From: Vivek Goyal <vgoyal@redhat.com>
To: Amir Goldstein <amir73il@gmail.com>
Cc: Miklos Szeredi <miklos@szeredi.hu>,
linux-fsdevel <linux-fsdevel@vger.kernel.org>,
Hanna Reitz <hreitz@redhat.com>
Subject: Re: Persistent FUSE file handles (Was: virtiofs uuid and file handles)
Date: Mon, 12 Sep 2022 15:56:47 -0400 [thread overview]
Message-ID: <Yx+O/0gVFso5YNxG@redhat.com> (raw)

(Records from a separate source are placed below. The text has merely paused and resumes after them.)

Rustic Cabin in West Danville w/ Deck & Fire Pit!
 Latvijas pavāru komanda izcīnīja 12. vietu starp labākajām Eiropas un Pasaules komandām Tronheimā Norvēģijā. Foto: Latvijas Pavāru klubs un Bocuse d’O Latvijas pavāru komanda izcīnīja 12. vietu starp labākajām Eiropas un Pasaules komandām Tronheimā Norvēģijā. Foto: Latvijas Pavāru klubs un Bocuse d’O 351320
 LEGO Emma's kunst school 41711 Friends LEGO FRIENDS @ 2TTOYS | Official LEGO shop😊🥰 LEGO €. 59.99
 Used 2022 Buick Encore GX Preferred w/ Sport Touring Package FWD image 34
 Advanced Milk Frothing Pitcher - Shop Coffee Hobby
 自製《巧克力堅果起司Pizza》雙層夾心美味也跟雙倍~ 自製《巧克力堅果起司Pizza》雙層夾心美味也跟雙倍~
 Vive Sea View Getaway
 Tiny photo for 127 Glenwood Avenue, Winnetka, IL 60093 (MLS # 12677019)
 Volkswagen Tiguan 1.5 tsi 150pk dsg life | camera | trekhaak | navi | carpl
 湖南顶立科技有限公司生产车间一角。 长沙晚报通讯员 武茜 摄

In-Reply-To: <CAOQ4uxhTksMqScNuRbRNNtXvs+JhTbcggPQpXfzqHJtYmTKuRA@mail.gmail.com>
On Mon, Sep 12, 2022 at 06:07:42PM +0300, Amir Goldstein wrote:
> On Mon, Sep 12, 2022 at 5:35 PM Vivek Goyal <vgoyal@redhat.com> wrote:
> >
> > On Mon, Sep 12, 2022 at 04:38:48PM +0300, Amir Goldstein wrote:
> > > On Mon, Sep 12, 2022 at 4:16 PM Vivek Goyal <vgoyal@redhat.com> wrote:
> > > >
> > > > On Sun, Sep 11, 2022 at 01:14:49PM +0300, Amir Goldstein wrote:
> > > > > On Wed, Sep 23, 2020 at 10:44 AM Miklos Szeredi <miklos@szeredi.hu> wrote:
> > > > > >
> > > > > > One proposal was to add LOOKUP_HANDLE operation that is similar to
> > > > > > LOOKUP except it takes a {variable length handle, name} as input and
> > > > > > returns a variable length handle *and* a u64 node_id that can be used
> > > > > > normally for all other operations.
> > > > > >
> > > > > > The advantage of such a scheme for virtio-fs (and possibly other fuse
> > > > > > based fs) would be that userspace need not keep a refcounted object
> > > > > > around until the kernel sends a FORGET, but can prune its node ID
> > > > > > based cache at any time. If that happens and a request from the
> > > > > > client (kernel) comes in with a stale node ID, the server will return
> > > > > > -ESTALE and the client can ask for a new node ID with a special
> > > > > > lookup_handle(fh, NULL).
> > > > > >
> > > > > > Disadvantages being:
> > > > > >
> > > > > > - cost of generating a file handle on all lookups
> > > > > > - cost of storing file handle in kernel icache
> > > > > >
> > > > > > I don't think either of those are problematic in the virtiofs case.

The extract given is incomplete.